Rosh Chodesh Kislev began at sundown Wednesday, Nov. 7. This is the month of miracles, rainbows, dreams and dreamers, and a time to light the darkness as winter approaches. In the wake of the hate crime at the Tree of Life synagogue in Pittsburgh, however, many are still feeling shaken, depleted and hopeless. We mourn, yet again, grieving the loss of innocent victims who, this time, were attending a Shabbat service in their community.
Like every Shabbat, that morning I did yoga for an hour. I felt peaceful, hopeful and full of love in anticipation of our daughter’s upcoming wedding this month. Upon hearing the news, all of that joy shattered like the glass set to be under her groom’s foot. I tried to hold the peaceful intent of Shabbat, but failed. The heavy-hearted pressure in my chest wouldn’t lift, even after releasing a deluge of tears. I asked myself, “How can we experience a month of miracles and light when our collective hearts are broken and there’s pervasive fear?”
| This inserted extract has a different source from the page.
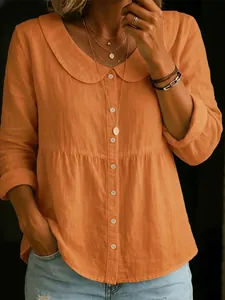 Detailaufnahme einer Frau in einer lässigen orangefarbenen Bluse mit Bubikragen.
A few days prior, two African-Americans were also shot and killed by a white man at a Kentucky Kroger. He had attempted to do harm at an African American church, but when that failed, he went to the grocery store. Also in the news were the intercepted mail bombs sent to prominent Democrats.
No one seems exempt from fear. Daylight Savings Time ended, extending the hours of physical darkness and increasing feelings of vulnerability and depression for many. Sadly, there’s always a background vigilance as we scan our world to try to discern who wishes to cause harm and who doesn’t. Safety and security can no longer be presumed.
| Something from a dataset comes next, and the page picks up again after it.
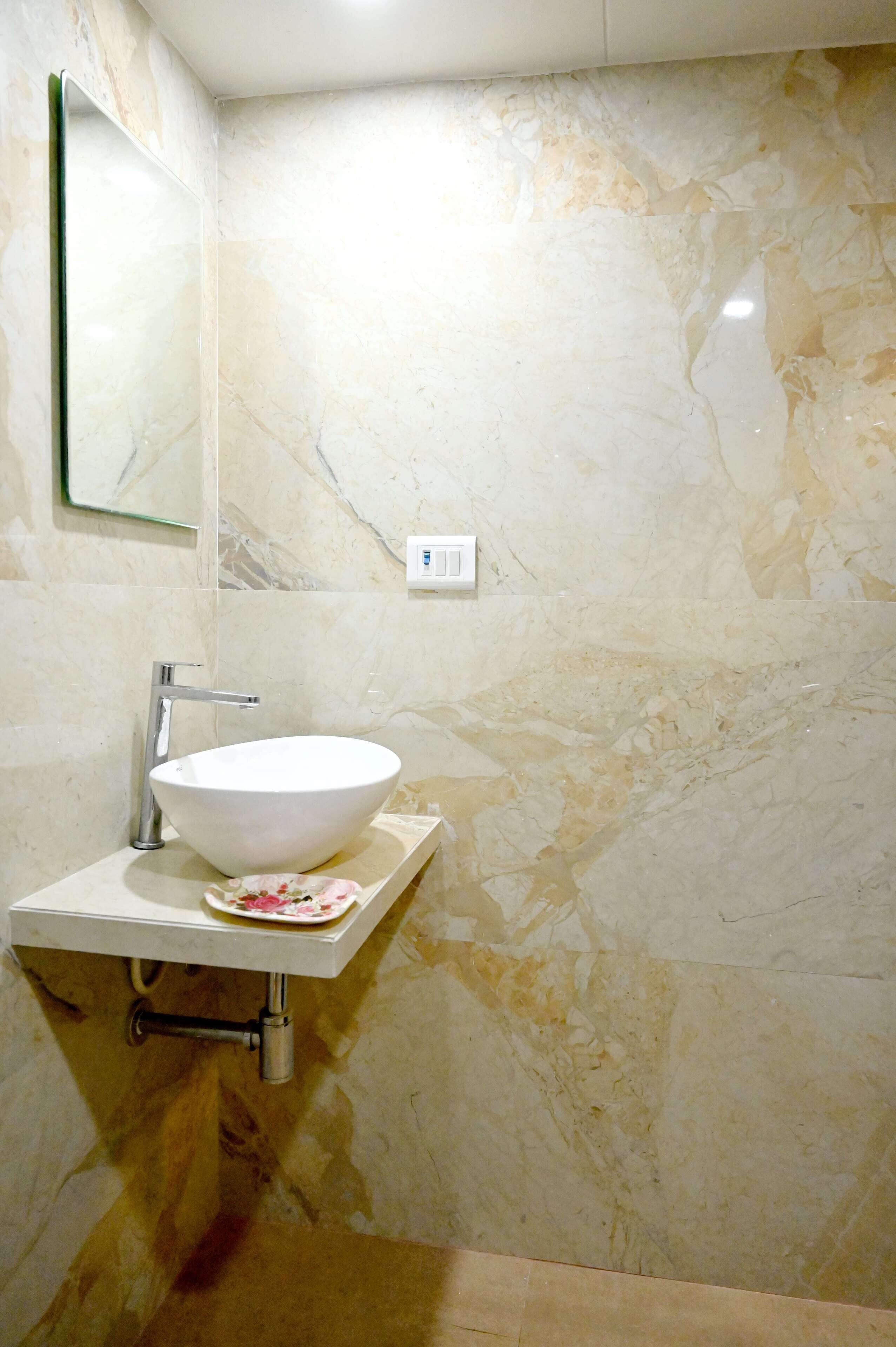 Un bagno con un lavabo a incasso bianco, uno specchio e pareti in marmo.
I’ve been flooded with clients discussing their fears. Some are Jewish, many are not, but the fears are the same. People blame the president, Democrats, Republicans, the media, and even technology for the violence in our world.
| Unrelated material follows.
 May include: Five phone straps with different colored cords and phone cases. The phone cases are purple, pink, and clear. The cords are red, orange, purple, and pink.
It seems that the filters have changed through which individuals try to gauge their level of safety. It used to be, if they aligned with a specific group that had been targeted, they felt threatened. If not, they felt less so. Now people report not feeling safe. There have been shootings at schools, malls, movie theaters, nightclubs, churches and synagogues. Vans have mowed down crowds of people in the U.K., Spain and France, as violence continues all over the world, changing targets on any given day.
People are wrestling with succumbing to their fears. We don’t know the intentions of someone sitting behind us, walking down the street or shopping in a grocery store. Hate is hate, and we have no way of knowing what cracks of light might suddenly be filled with darkness. Most of us are not equipped to battle with evil, so all we can do is light the world with the power of love, while protecting ourselves as best we can. It’s prudent to take precautions to ensure safety, but the rest is out of our domain. These may not be more violent times, just that we’re exposed to violence, in real time, like never before.
It’s time to change our view that a love-filled world is an immature, Pollyanna vision, and that war equals strength and power. Gandhi’s words, “Be the change you wish to see in the world,” have been paraphrased from the more complete quote: “If we could change ourselves, the tendencies in the world would also change. As a man changes his own nature, so does the attitude of the world change towards him. We need not wait to see what others do.”
The energy of Kislev was embodied at the recent memorial and healing services that took place at synagogues across our nation. Religious leaders of all faiths prayed in unity with us for peace. In these darkest of times, we need Kislev’s light of hope. We’ll also accept miracles.
Meditation Focus: What thoughts and actions of yours, even in small ways, fuel hatred and create separation? Stop them and run every thought and action through the filter of love and choose those that promote peace.